A friend and fellow writer shared with me a beautiful piece she wrote about gray hair. She welcomed her first gray hair as a sign of possible wisdom when she was a sophomore in college. Ten years later, she started dying her hair because she didn’t want to be wise, she wanted to be sexy. Now she is dying a full head of gray hair every four weeks. She is exploring the possible, painful process of letting her hair go gray. Her writing about her relationship with her hair was a brilliant mix of personal and political with an honest combination of anger and sadness.
I made her cry.
I pushed her, in her writing, to keep exploring what was going on under the surface. To explore her anger, to explore her sadness. I could tell there was so much more than what she had written. She burst into tears.

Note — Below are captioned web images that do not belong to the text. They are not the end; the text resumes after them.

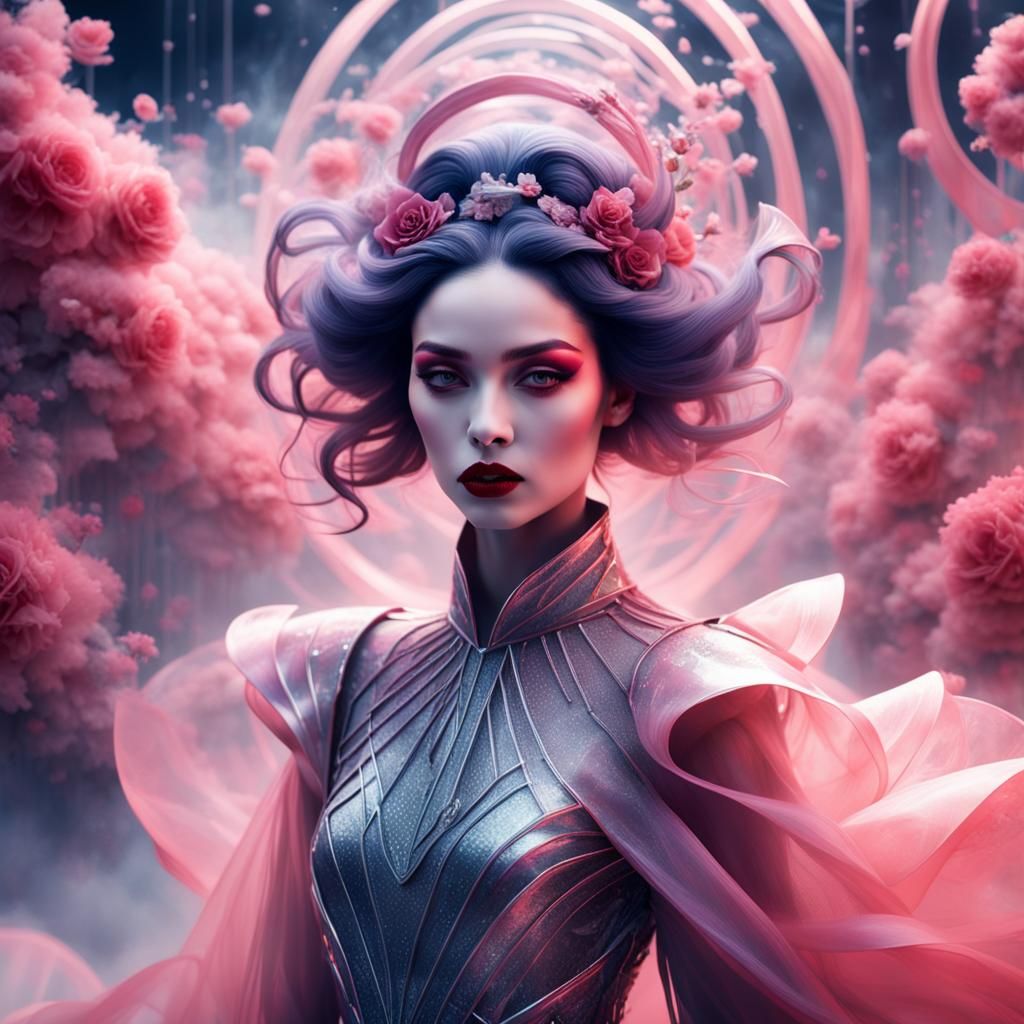 Dreamlike Woman in Misty Rose Spectral Symphony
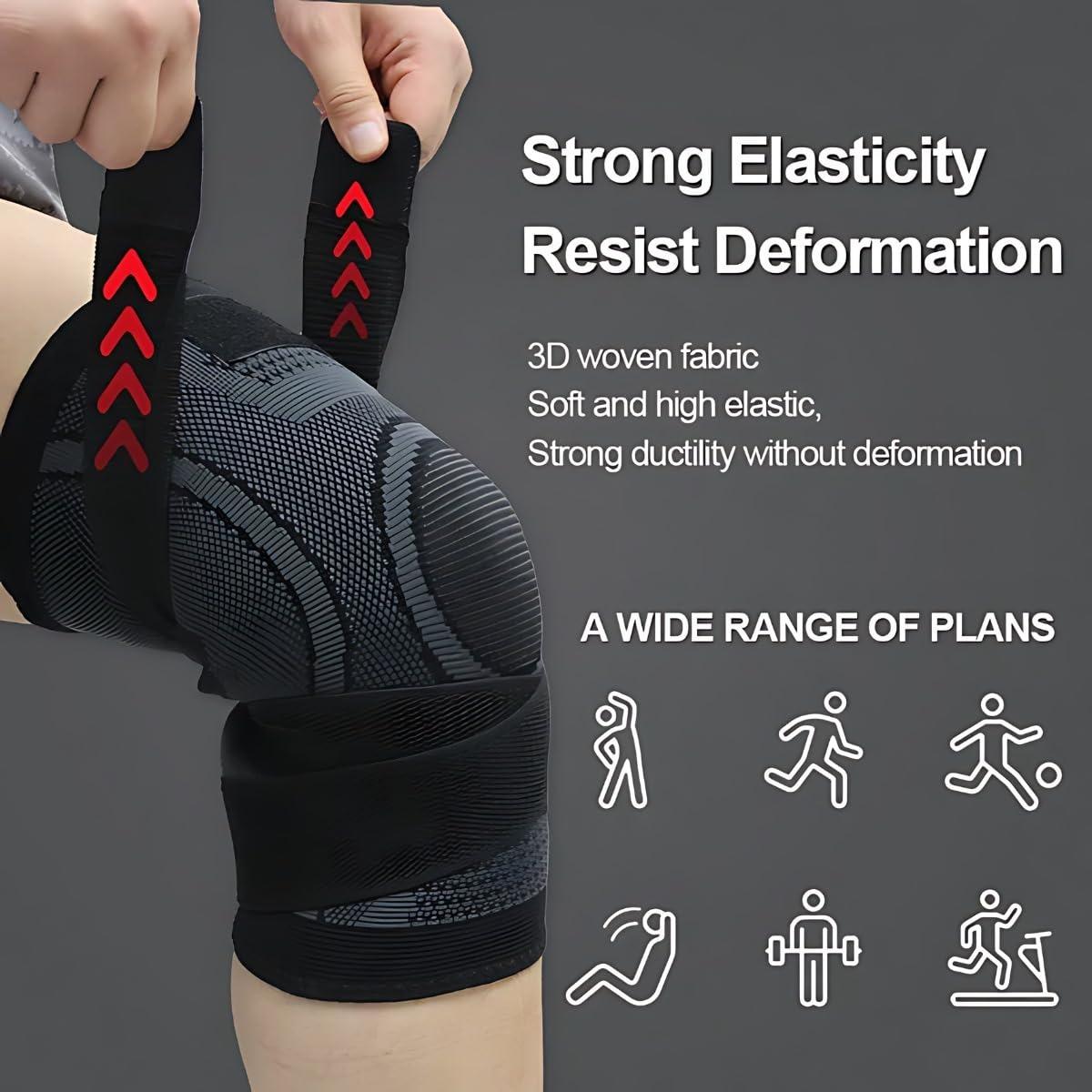 Knee Brace for Men & Women, Compression Sleeve with Adjustable Straps, High-Elastic Fabric Knee Pad for Daily Workouts & Sports Activities Knee Saver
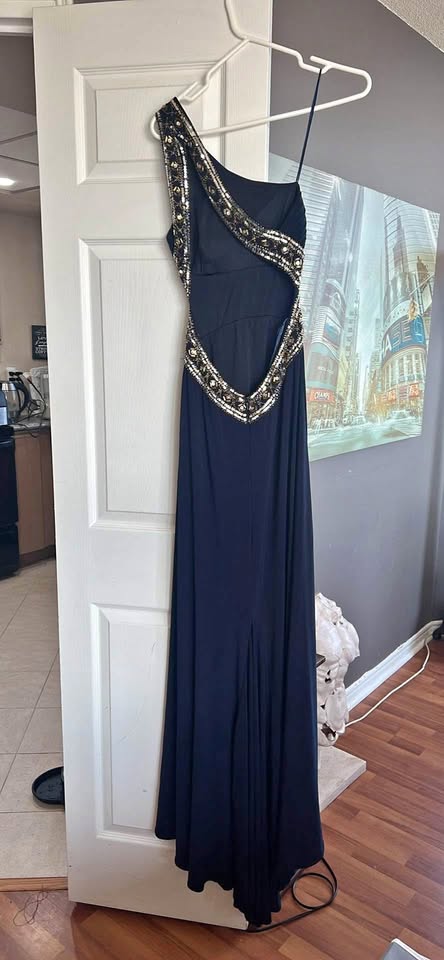 Betsy Adam long navy blue gown
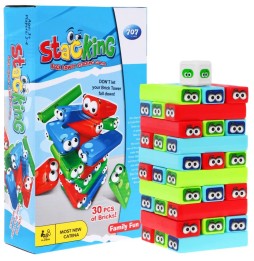 Joc Jenga mini pentru copii 3+ cu blocuri colorate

She told about her aunt, a powerful CEO in Europe with a regal head of grey hair. My friend used to be on the same path as her aunt. After getting her MBA at Harvard, she went on to run her own company. When she got pregnant with her son, she had a nanny lined up. But she couldn’t do it. She quit her job and stayed at home with her son, and then her daughter. Her son is now twelve, her daughter nine. They are fascinating, gorgeous kids. She has no regrets about walking away from professional power to raise them. But she admitted, “I look at my aunt and know that she deserves her wise, gray locks. I realize I don’t think I have accomplished enough in life to have gray hair. I don’t feel like I have earned it. That is why I am scared of going gray.”